SIFT

This repository contains SIFT codebase. SIFT is a scalable architecture to extract data from Google Trends. SIFT has been published at IMC'22 in a work studying user-affecting Internet outages.

Bibtex

@inproceedings{10.1145/3517745.3561428,
author = {Kirci, Ege Cem and Vahlensieck, Martin and Vanbever, Laurent},
title = {"Is My Internet down?": Sifting through User-Affecting Outages with Google Trends},
year = {2022},
isbn = {9781450392594},
publisher = {Association for Computing Machinery},
address = {New York, NY, USA},
url = {https://doi.org/10.1145/3517745.3561428},
doi = {10.1145/3517745.3561428},
abstract = {What are the worst outages for Internet users? How long do they last, and how wide are they? Such questions are hard to answer via traditional outage detection and analysis techniques, as they conventionally rely on network-level signals and do not necessarily represent users' perceptions of connectivity.We present SIFT, a detection and analysis tool for capturing user-affecting Internet outages. SIFT leverages users' aggregated web search activity to detect outages. Specifically, SIFT starts by building a timeline of users' interests in outage-related search queries. It then analyzes this timeline looking for spikes of user interest. Finally, SIFT characterizes these spikes in duration, geographical extent, and simultaneously trending search terms which may help understand root causes, such as power outages or associated ISPs.We use SIFT to collect more than 49 000 Internet outages in the United States over the last two years. Among others, SIFT reveals that user-affecting outages: (i) do not happen uniformly: half of them originate from 10 states only; (ii) can affect users for a long time: 10\% of them last at least 3 hours; and (iii) can have a broad impact: 11\% of them simultaneously affect at least 10 distinct states. SIFT annotations also reveal a perhaps overlooked fact: outages are often caused by climate and/or power-related issues.},
booktitle = {Proceedings of the 22nd ACM Internet Measurement Conference},
pages = {290–297},
numpages = {8},
keywords = {Google trends, internet outages, data mining, anomaly detection},
location = {Nice, France},
series = {IMC '22}
}

Contact

Please send us an email at ekirci-at-ethz-dot-ch and martinva-at-student-dot-ethz-dot-ch, if:

You are interested in collaborating with the project.
You are having issues trying to run SIFT.
You happen to find a bug.
You have any questions or concerns specific to the paper.

Thank you for your interest!

Overview

SIFT consists of five commands:

sift_queue queues requests which will then be executed by sift_dispatcher.
sift_dispatcher executes the requests using one or more fetchers.
sift_fetcher is the part that interacts with Trends. It is executed by the dispatcher.
sift_tool can be used to add new keywords and tags.
sift_stitch is used to create a SQLite3 database with a stitched time series.

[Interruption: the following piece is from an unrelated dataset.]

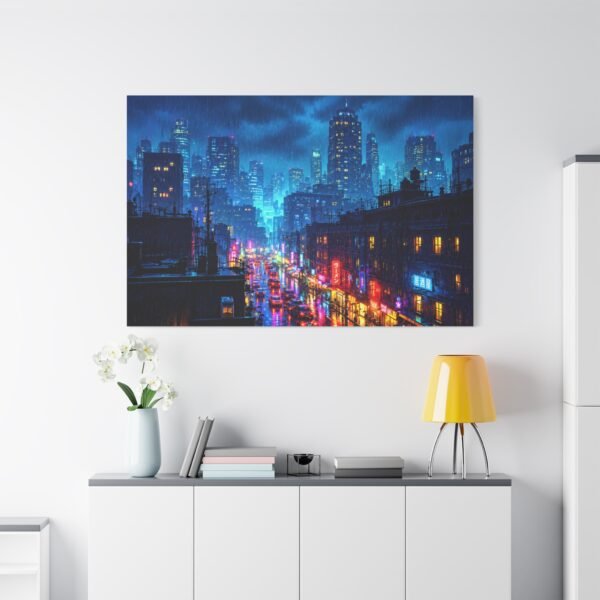 City Nightscape Matte Canvas Print — Rainy Neon Urban Skyline Wall Art - Image 3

Requests and the returned data are stored inside a PostgreSQL database.

Requirements

PostgreSQL (tested with version 12). Must be running locally as all tools use authentication via UNIX sockets.
Python 3

Installation

First set up PostgreSQL. SIFT connects to PostgreSQL using UNIX sockets. For that create a database and a user named after the user name under which you want to run SIFT (in the following we use the user sift):

CREATE DATABASE sift;
CREATE USER sift;

To test the setup, change to the sift user and do

psql

You should be presented with a prompt without error messages or having to enter a password.

Now under the sift user get a copy of the source code, either by cloning this repository or extracting a tarball. Change to the directory and create and activate a virtual environment using:

python3 -m venv venv
. venv/bin/activate

Then install the dependencies using

pip install -r requirements.txt

Note: You might need to install additional packages like python3-dev and libpq-dev.

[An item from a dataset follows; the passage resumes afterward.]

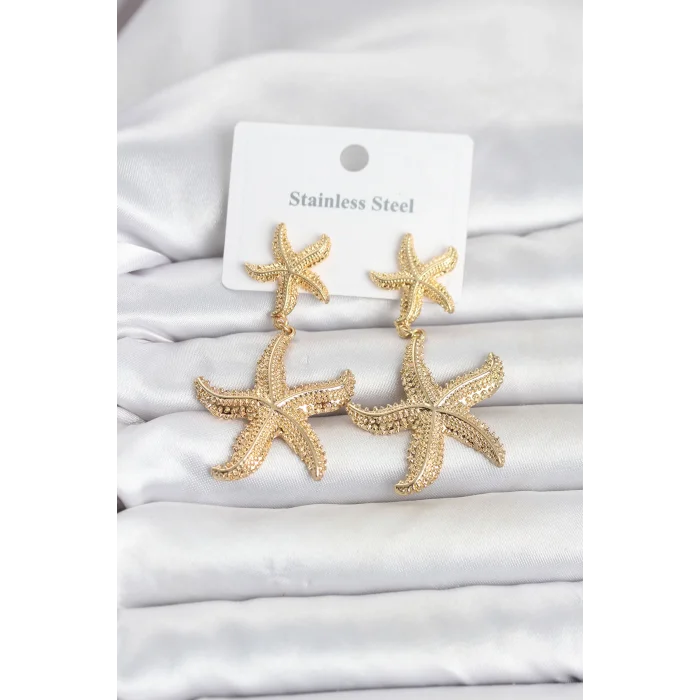 316L Çelik Gold Renk Deniz Yıldızı Model Kadın Küpe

After that install SIFT using

pip install .

Initialize the database using

psql < sql/schema.sql

and apply all the migrations in sql/migrations.

Quickstart

If you want to start fetching right away, you can load the database with the internet outage topic keyword and US states using

psql < sql/quickstart.sql

Then add some requests using sift_queue and start sift_dispatcher with the --local option to execute the fetcher under the same user id as the dispatcher:

sift_dispatcher --local

`fetchers.json`

When not running with the --local flag, sift_dispatcher uses a file called fetcher.json to get a list of all fetchers. To get started copy the file fetchers.json.example to fetcher.json and edit it accordingly.

Setting up a fetcher on a remote machine

The main feature of SIFT is the possibility to run fetchers on remote machines. To do that, you first need to copy scripts/sift_fetcher.sh and the fetcher itself (bin/sift_fetcher) to machine you wish to use.

Next you have to generate an SSH key for the sift user and add it to the authorized_keys file on the remote machine with the following options to restrict its scope:

from="<ip-of-dispatcher>",restrict,command="/bin/sh <remote-user-home>/sift_fetcher.sh ssh" ssh-ed25519 AAAA...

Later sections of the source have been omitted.